Back from the Grave
His former lawyer takes a controversial labor leader and puts him in the center of a romance.
Even dead, Walter Kupau seems to leap from the pages of Lori Aquino’s new novel, The Ghost of Walter Kupau. Controversial, charismatic, tough-talking, Kupau headed up the Hawaii Carpenters Union, Local 475, until his sudden death in 1999. He won the carpenters some excellent contracts, paid himself a princely $250,000 a year, was charged with assaulting a construction manager and never made any bones having spent six months in a federal pen for perjury.
Attorney Aquino spent three years as counsel for the Carpenters Union—but spent far longer than that honing her writing. For more than a decade, she’d leave work, pick up her three sons, make them dinner. “The minute the dishes were done, I’d sit down and write for six hours, till midnight. The next day, I’d get up and do it all over again. At work, I’d often be just waiting for the chance to start writing again.”
The result? Five unpublished manuscripts.
Then, two days before the deadline for the 2003 HONOLULU Magazine fiction contest, she sat down and wrote a short scene with a wild premise.
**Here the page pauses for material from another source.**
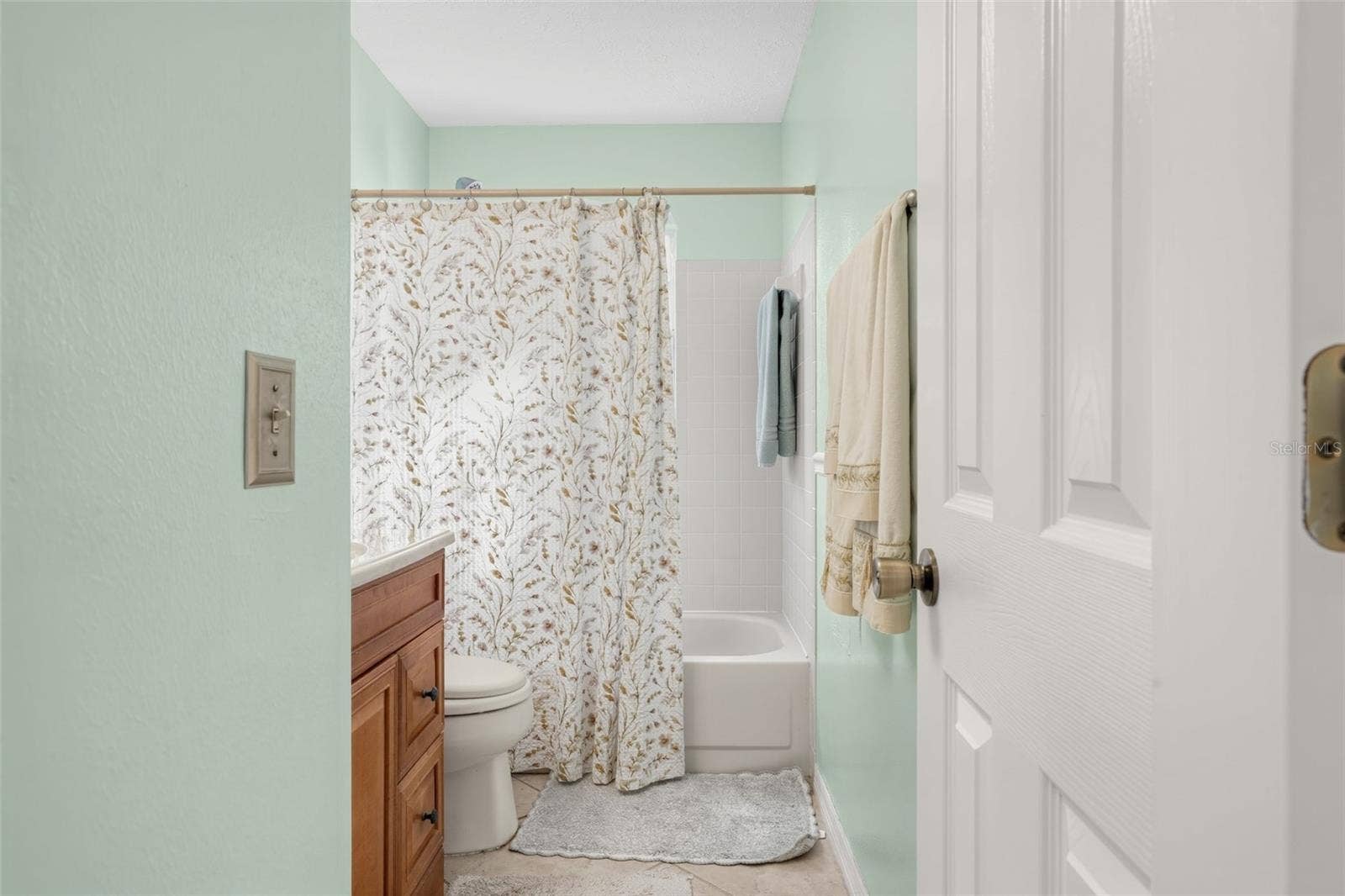 1805 LAKEWIND DRIVE, Brandon, FL 33510 1805 LAKEWIND DRIVE, Brandon, FL 33510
Her main character, Ranae Roces (“Roaches” to Walter Kupau), asks Kupau’s ghost for a favor: She wants him to kill an FBI agent who has loved and left her, but still haunts her dreams.
It was a powerful scene, designed to evoke The Godfather. “Walter wasn’t Don Corleone, but a lot of people thought of him that way, so I played off it.”
The story was a runner-up in that year’s HONOLULU contest. “That turned out to be good,” says Aquino. “If I’d won, I would have tossed the story in a drawer. Because I didn’t, I sat down and kept writing.”
Having brought back Kupau from the dead, Aquino needed to give him something to do. Her five previous books had been romances, “chick books,” as she calls them. “I was a single mom, I didn’t get out much. I lived in my imagination.”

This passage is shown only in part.